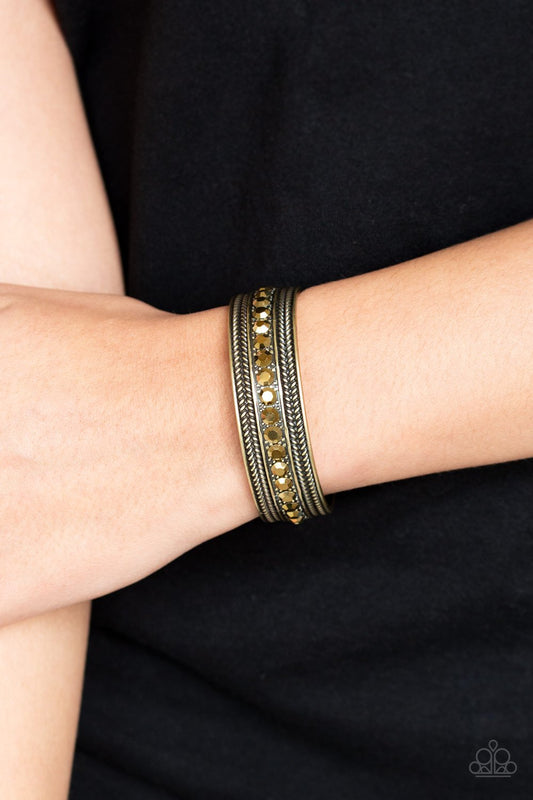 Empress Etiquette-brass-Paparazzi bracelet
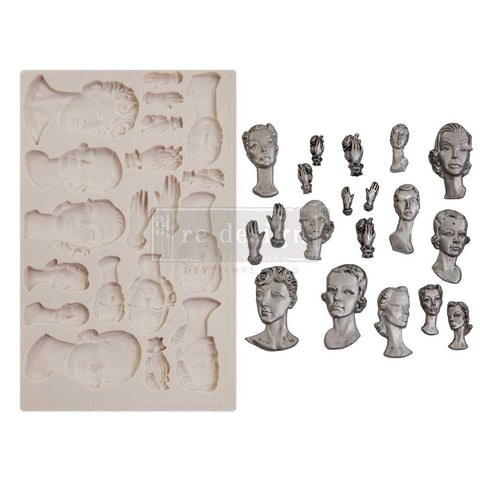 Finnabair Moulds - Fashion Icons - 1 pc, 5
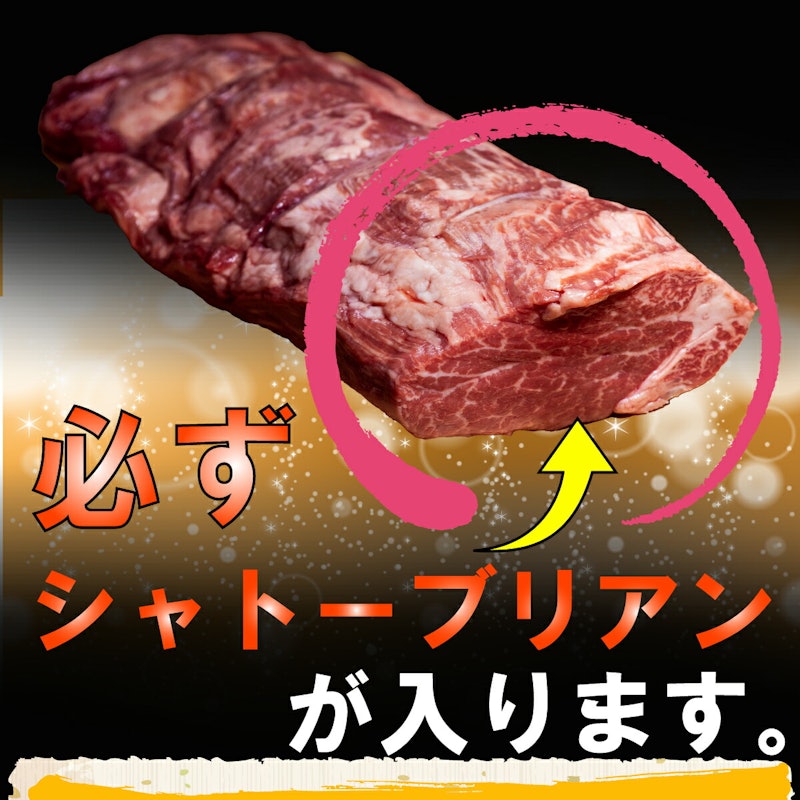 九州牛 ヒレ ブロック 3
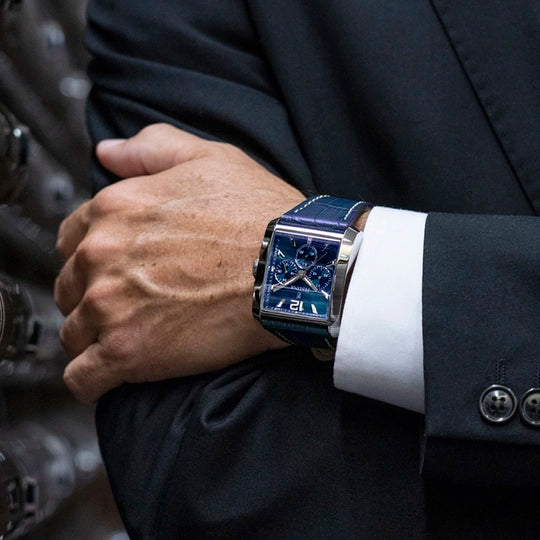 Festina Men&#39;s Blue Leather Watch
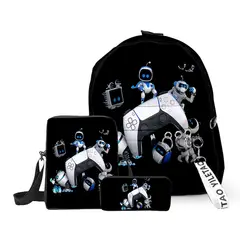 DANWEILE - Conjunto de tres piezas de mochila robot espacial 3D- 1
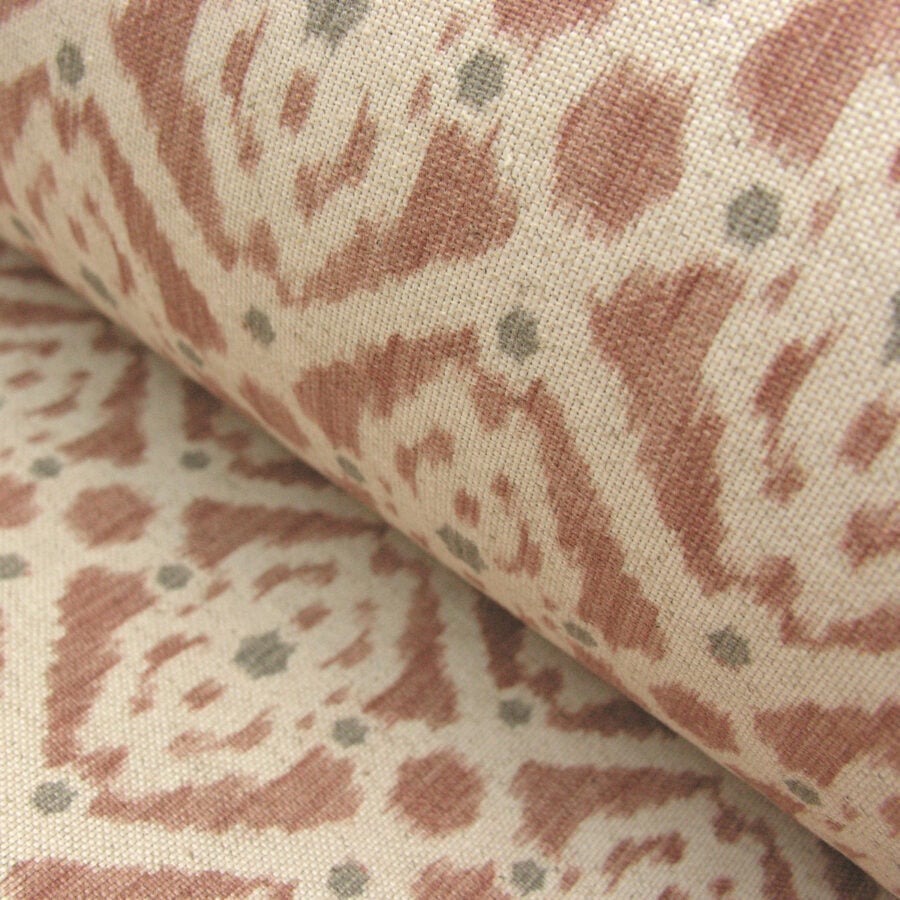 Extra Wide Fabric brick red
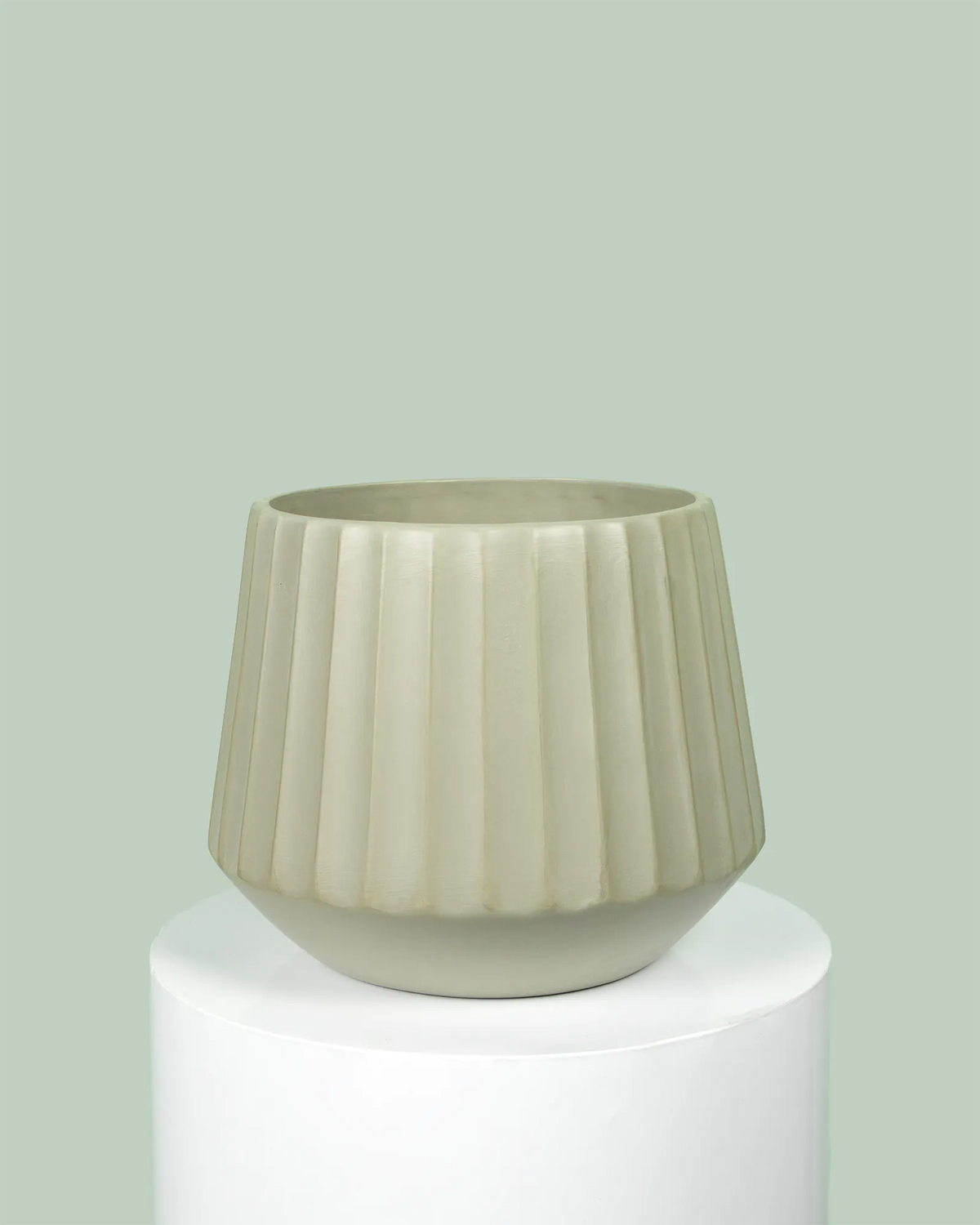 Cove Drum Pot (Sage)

---

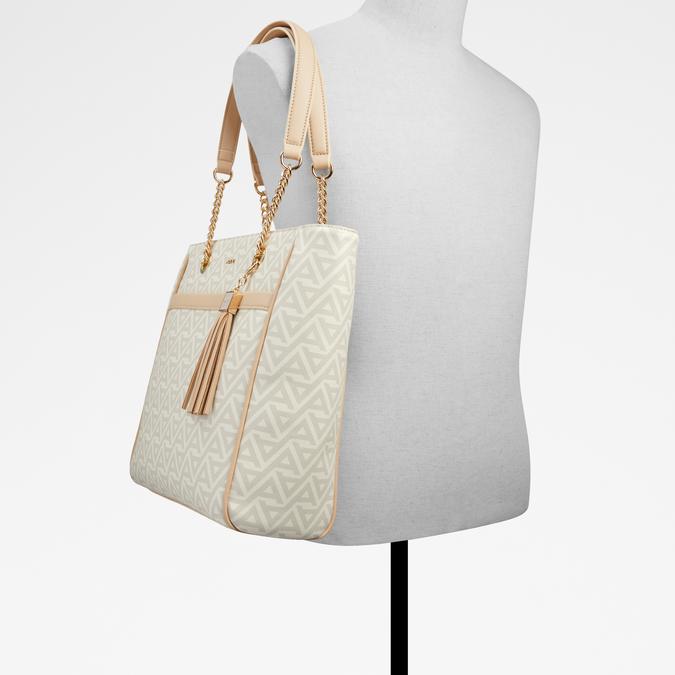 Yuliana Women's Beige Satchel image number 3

---

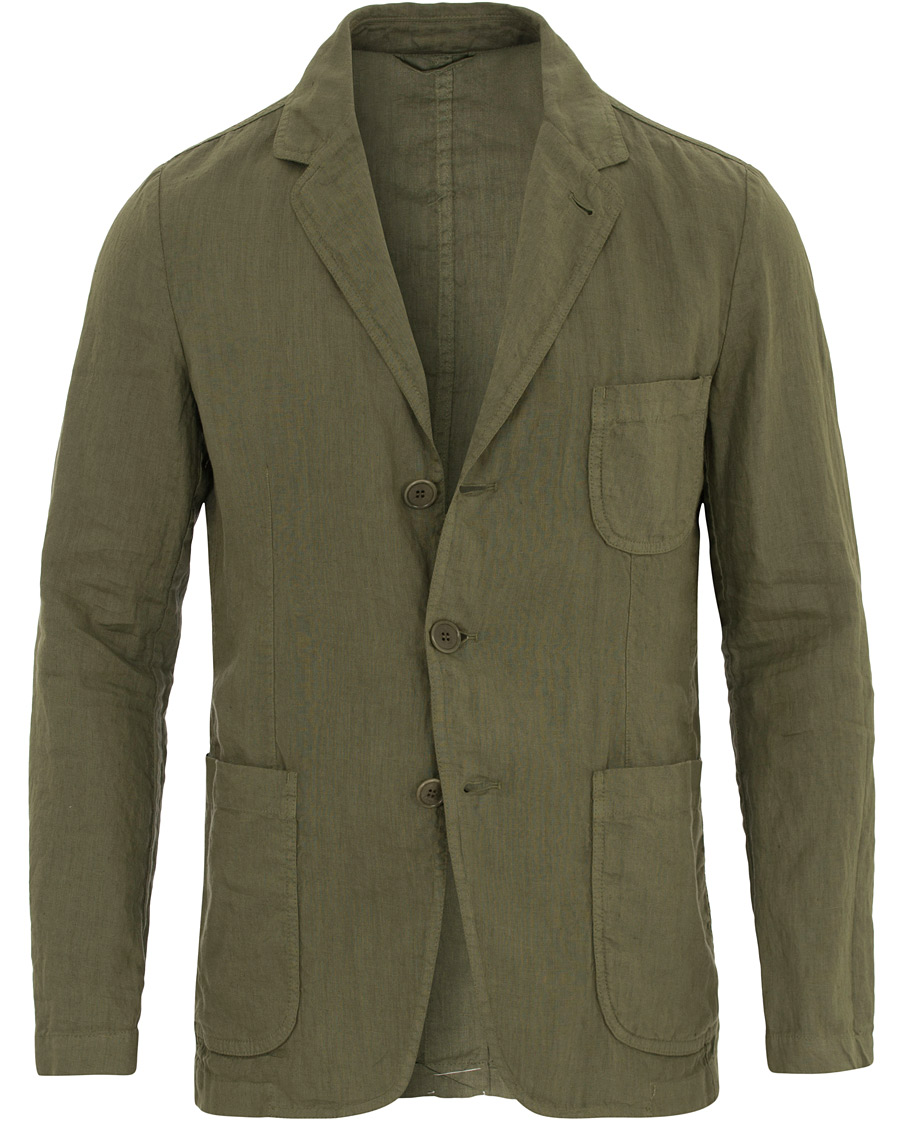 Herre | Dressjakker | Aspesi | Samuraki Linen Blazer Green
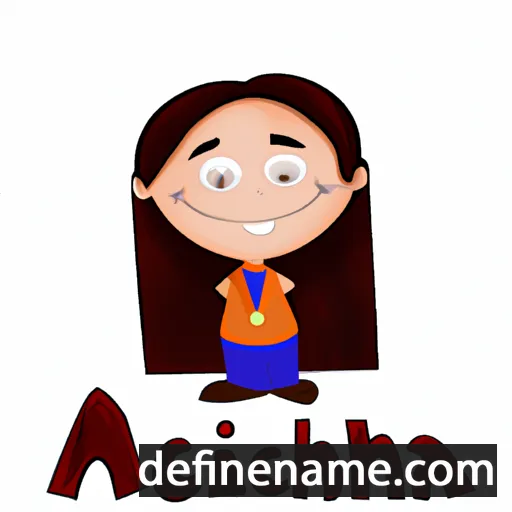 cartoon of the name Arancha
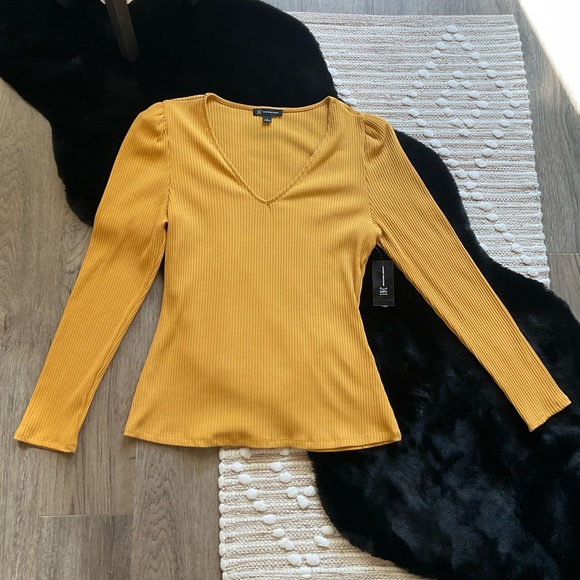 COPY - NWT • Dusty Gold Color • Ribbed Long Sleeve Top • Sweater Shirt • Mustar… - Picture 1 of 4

---

Copy only what lies between the line with "Festina Men&#39;s Blue Leather Watch" and the line with "Cove Drum Pot (Sage)", those two lines included, exactly as given above; pictures stay out.

Solution below:
 Festina Men&#39;s Blue Leather Watch
 DANWEILE - Conjunto de tres piezas de mochila robot espacial 3D- 1
 Extra Wide Fabric brick red
 Cove Drum Pot (Sage)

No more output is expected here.